Items from a data source:
———

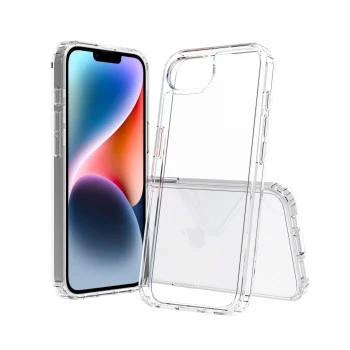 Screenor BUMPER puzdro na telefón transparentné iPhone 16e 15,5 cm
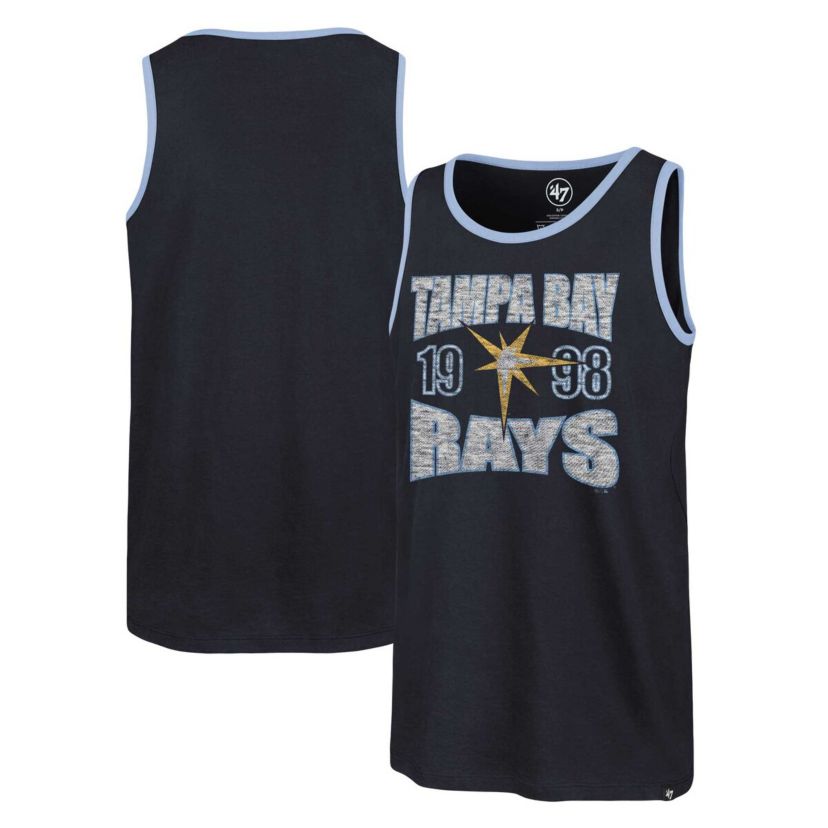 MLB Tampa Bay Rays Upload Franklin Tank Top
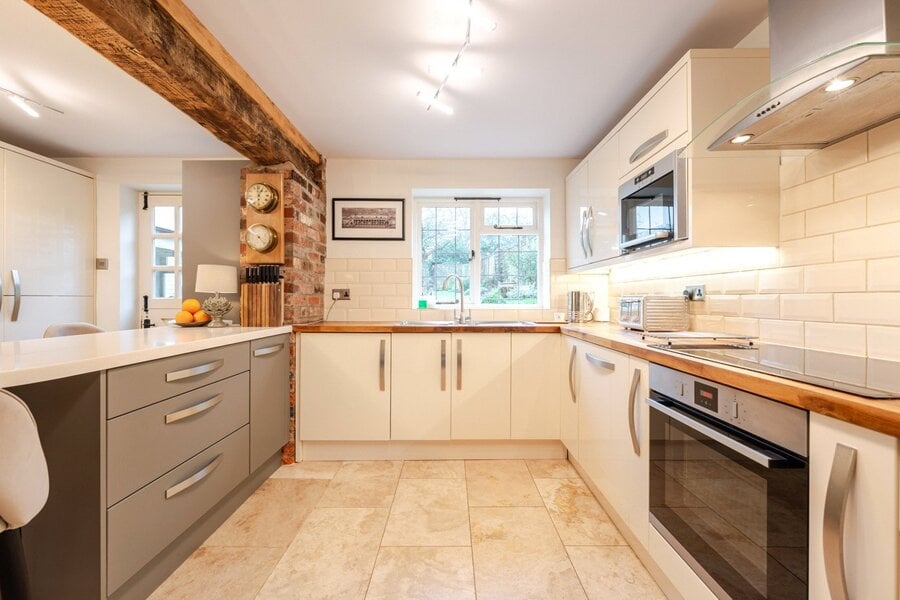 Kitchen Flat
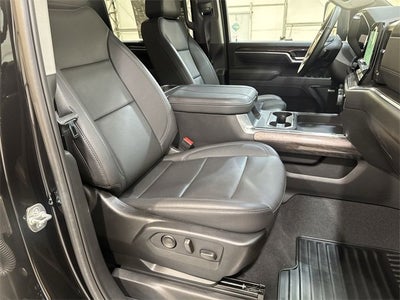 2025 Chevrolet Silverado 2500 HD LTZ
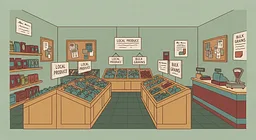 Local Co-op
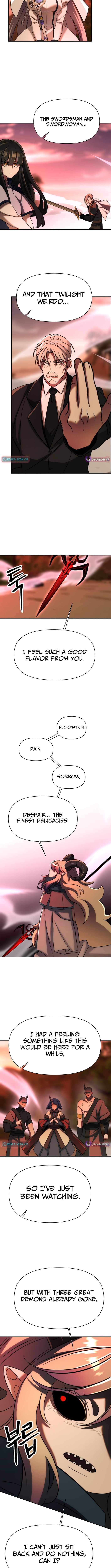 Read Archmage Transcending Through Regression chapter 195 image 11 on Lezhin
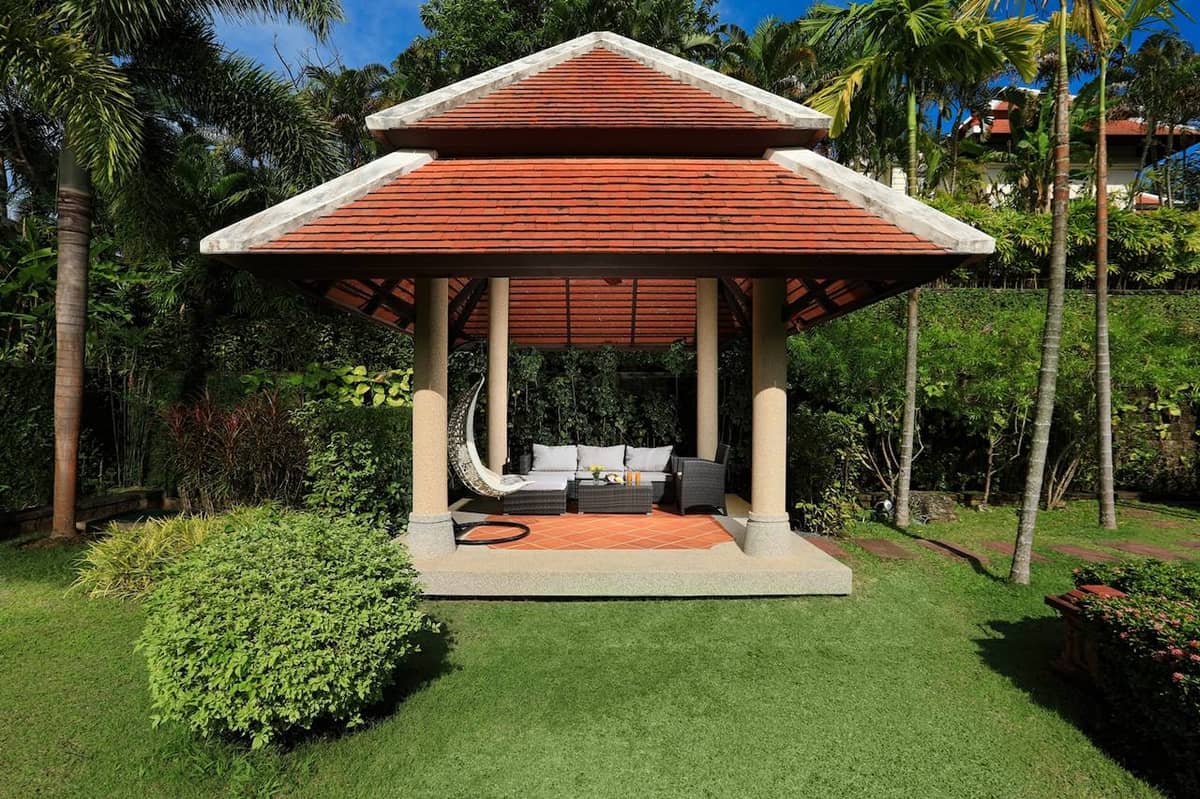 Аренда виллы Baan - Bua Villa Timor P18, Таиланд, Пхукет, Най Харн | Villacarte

———

Only the lines from the line with "MLB Tampa Bay Rays Upload Franklin Tank Top" through the closing line of the data, both included, should be set down, exactly as written and without pictures.

 MLB Tampa Bay Rays Upload Franklin Tank Top
 Kitchen Flat
 2025 Chevrolet Silverado 2500 HD LTZ
 Local Co-op
 Read Archmage Transcending Through Regression chapter 195 image 11 on Lezhin
 Аренда виллы Baan - Bua Villa Timor P18, Таиланд, Пхукет, Най Харн | Villacarte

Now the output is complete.